Zabić prezydenta Piotra Rowickiego – monodram Arkadiusza Buszki w reżyserii Piotra Ratajczaka – uderza celnie – można rzec gorzko: jak kula Niewiadomskiego – trafiając w nasze dzisiejsze problemy i lęki. Czy raczej w nasze coraz mniej skrywane i śmielej obecne fascynacje i obsesje.

O zabójstwie Narutowicza opowiada nam ze sceny sam Niewiadomski grany przez Arkadiusza Buszkę. To jego racje i motywy tworzą narrację tego ascetycznego i kameralnego, ale przez to jeszcze bliższego nam i naszym emocjom przedstawienia. To z jego perspektywy oglądamy tragiczne wypadki 16 grudnia 1922 roku. To on je komentuje, on – w swej wygłoszonej przed nami mowie obrończej (spektakl zbudowany jest na jego rzeczywistej mowie przed sądem, jego liście otwartym Do wszystkich Polaków i swego rodzaju testamencie politycznym zatytułowanym Kartki z więzienia) przedstawia nam swą duchową drogę do czynu. Zamachu na prezydenta. Niewiadomski uważa ów czyn nie za zbrodnię bynajmniej, a za ofiarę złożoną z własnego życia na ołtarzu Ojczyzny. Od razu przyznaje się też do winy – choć tylko w sensie karnoprawnym – i żąda dla siebie kary śmierci.

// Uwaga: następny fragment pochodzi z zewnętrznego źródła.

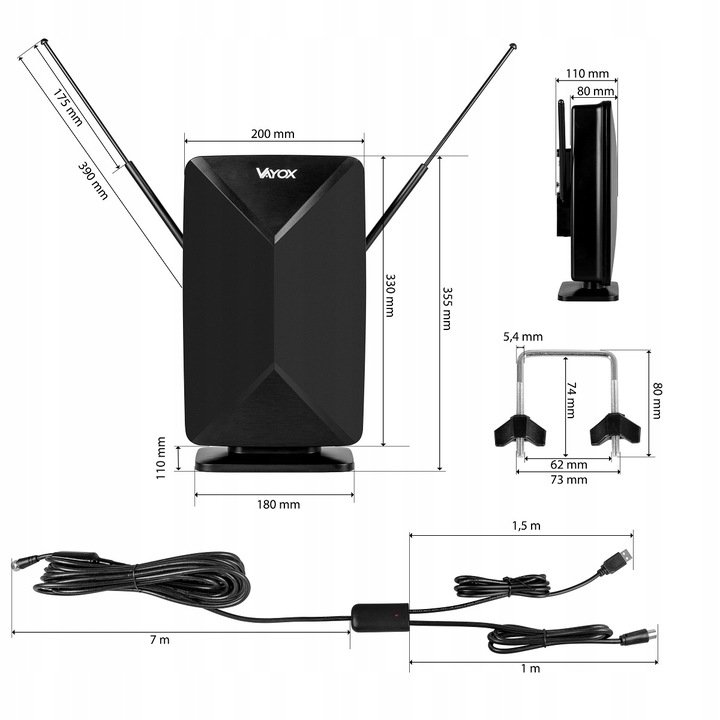 ANTENA AKTYWNA POKOJOWA WEWNĘTRZNA ZEWNĘTRZNA DVB-T2 TV NAZIEMNEJ 4K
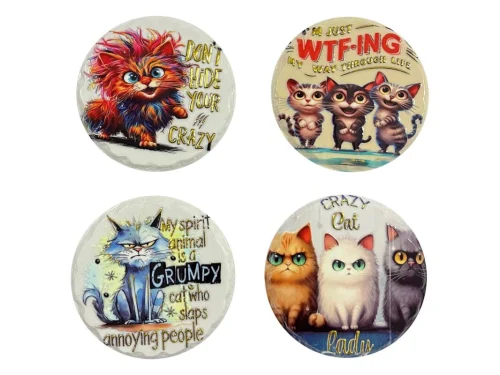 MAGNET CRAZY CAT (12 PK)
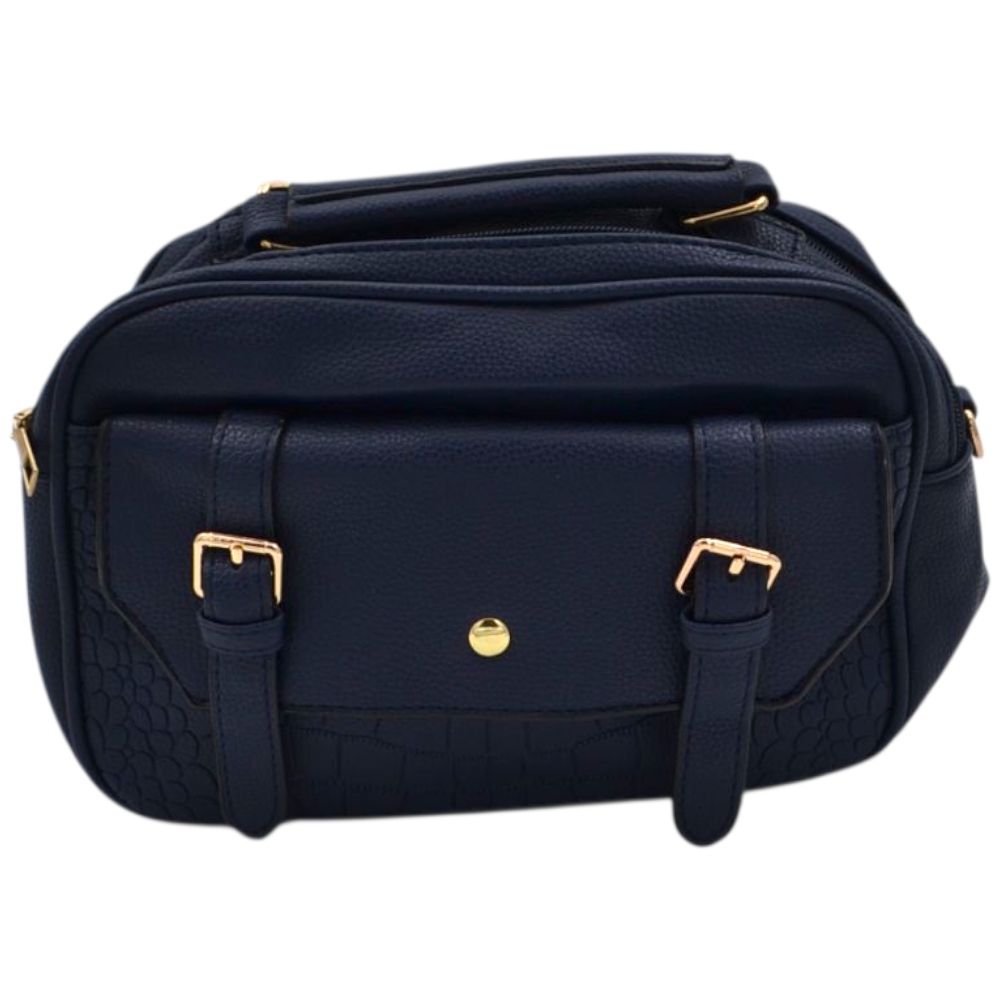 Borsa a mano e tracolla regolabile donna in pelle blu con zip tasche frontali e fibbie oro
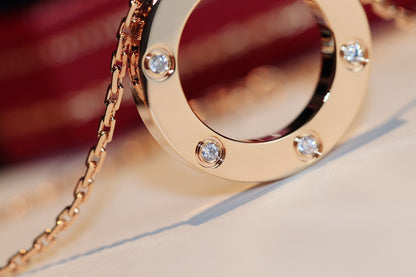 [⭐Hevara Jewelry]LOVE NECKLACE 16MM 6 DIAMONDS PINK GOLD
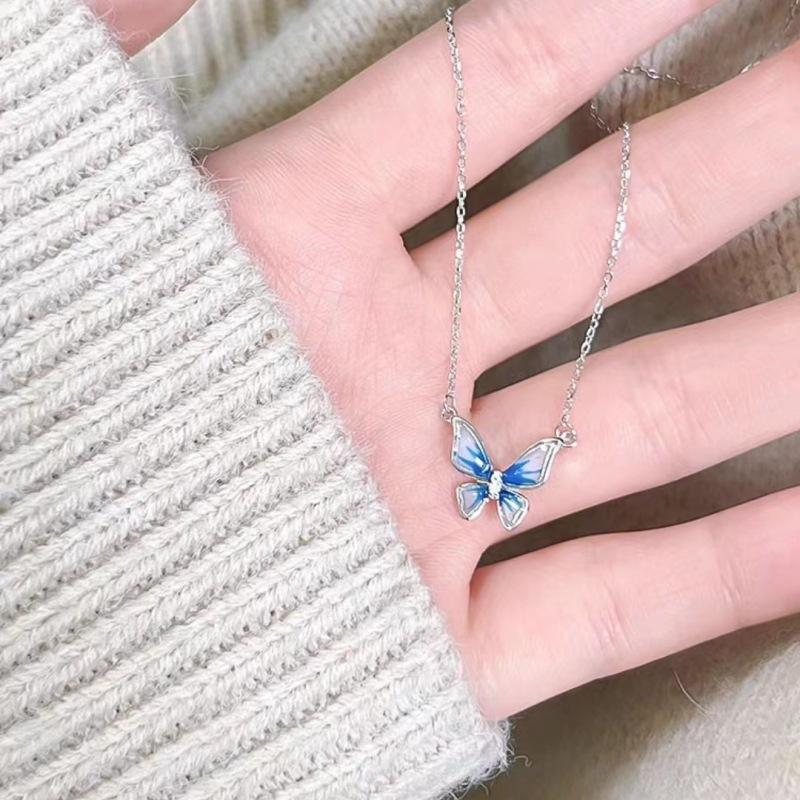 Gradient Blue Butterfly Necklace Fashion Simple Personalized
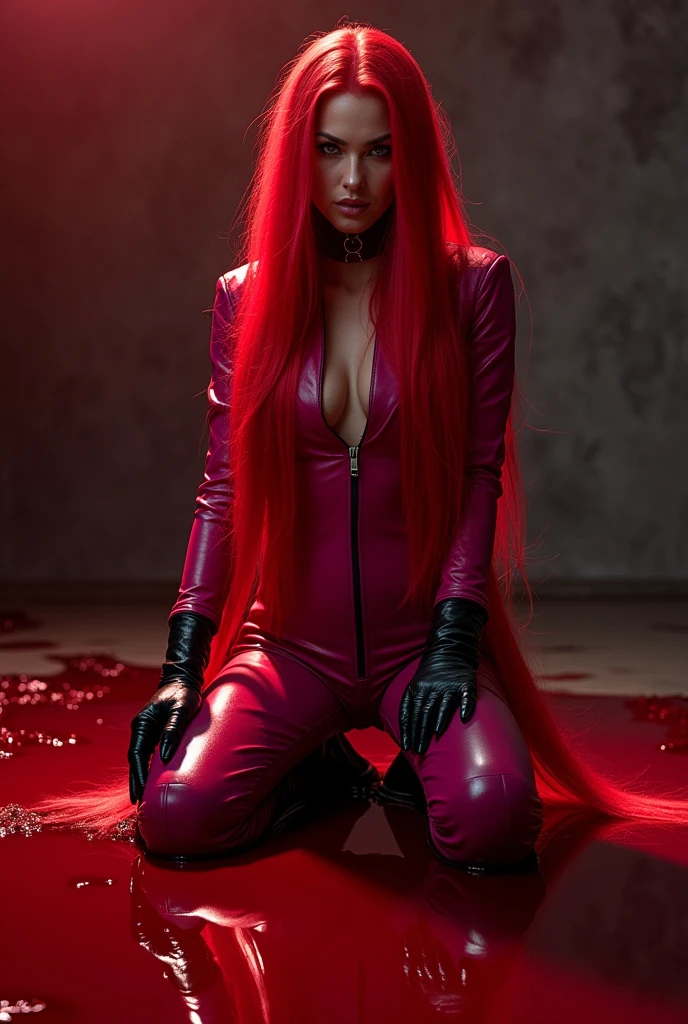 a beautiful woman (((with extensive long prenzil hair six feet long)))Adriana Lima wearing a fuchsia leather jumpsuit combined with black gloves and black leather boots kneeling blood around her rats and a lot of blood ((((a long head of six-foot-long red prenzil hair)))) reflection of her in her blood logo Marvel universe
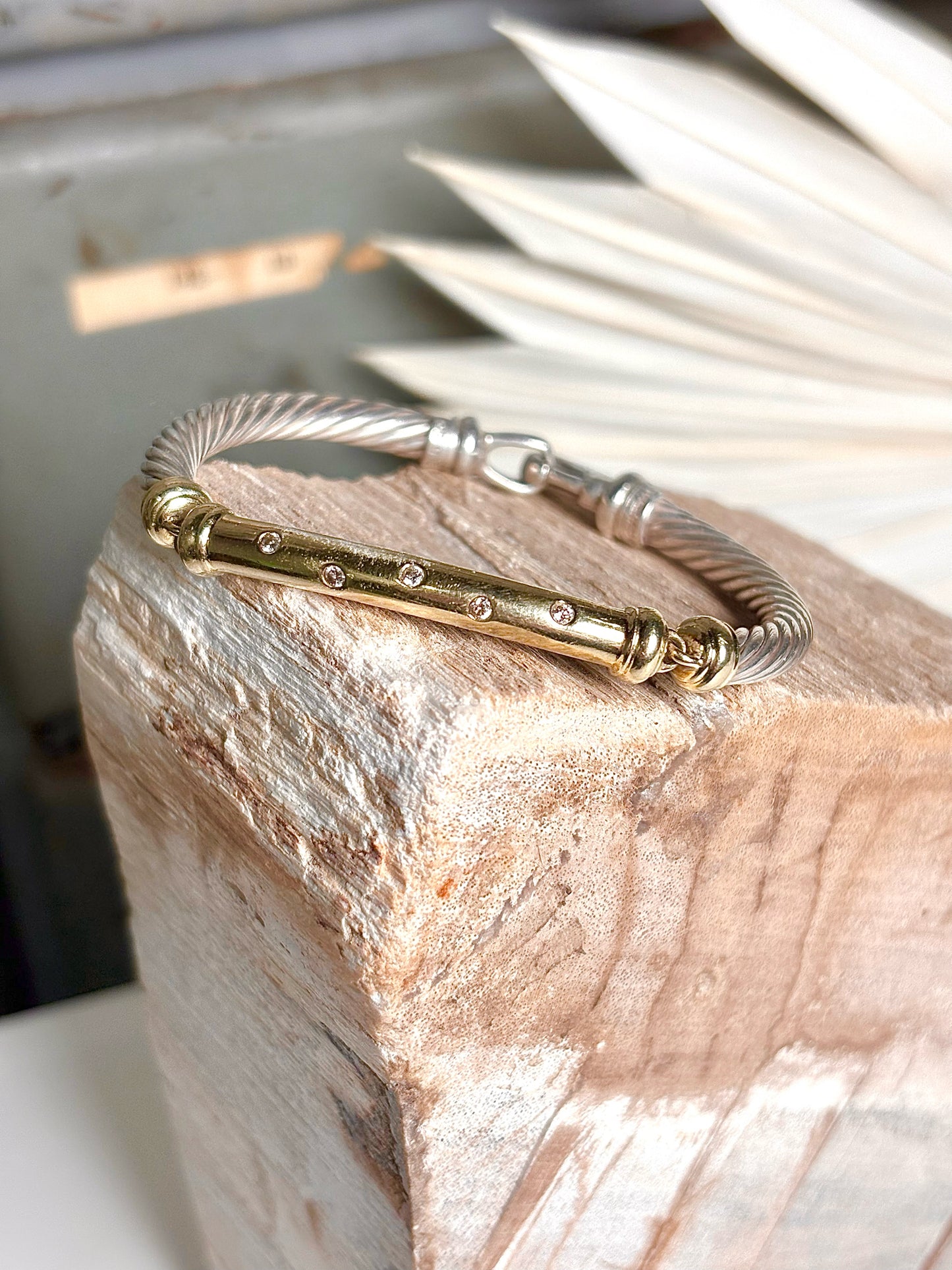 David Yurman Cable Twist, Diamond Bar 14K Gold Bracelet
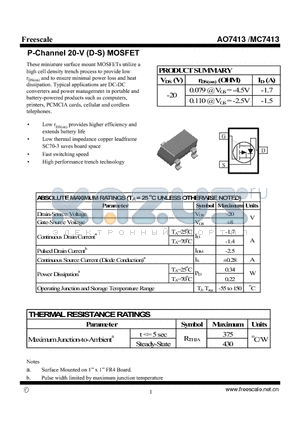 AO7413 datasheet - P-Channel 20-V (D-S) MOSFET High performance trench technology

Jeśli zważyć, że Niewiadomski – artysta malarz obdarzony prawdziwym, choć wtórnym talentem – był człowiekiem inteligentnym, doświadczonym w przekazywaniu swoich myśli (pisał dzieła naukowe i artykuły z historii sztuki, uprawiał publicystykę, wykładał malarstwo), oddanie mu głosu, jako jedynemu w tej sprawie, można by uznać za pomysł trochę niebezpieczny.

Ale twórcy spektaklu nie bez kozery wybrali tę formę opowieści o Niewiadomskim. Oddając mu głos nie dla prowokacji czy po to, by igrać z widzem, lecz by uniknąć posądzenia o jednowymiarową publicystykę – że niby, o! znów pastwią się nad patriotą, bohaterem prawicy, nie dając mu szans obrony (w Śmierci prezydenta Niewiadomski grany przez Marka Walczewskiego przemawia krótko, pod koniec filmu, sprawiając przy tym wrażenie szaleńca) – ale za to uwypuklić demoniczną siłę jego argumentów i groźną moc nacjonalistyczno-patriotycznych frazesów.

Przypomnijmy (co zresztą przypomina ze sceny on sam): Niewiadomski był niepodległościowym konspiratorem, aresztowany przez Rosjan siedział w X Pawilonie, a podczas wojny polsko-bolszewickiej w 1920 r. wstąpił do wojska (początkowo nie został przyjęty, miał lat 51). I choć jego życiorys bywał politycznie pokrętny (od początku przejawiał wrogość wobec Piłsudskiego i to jego miał początkowo zabić), a niektóre jego zachowania zdawały się wynikać z urojeń (w 1920 roku – pracując dla wojskowego kontrwywiadu – widział w kolegach krypto-bolszewików i Żydów, za co szybko usunięto go z tej służby) miał prawo czuć się patriotą przejętym losem Ojczyzny.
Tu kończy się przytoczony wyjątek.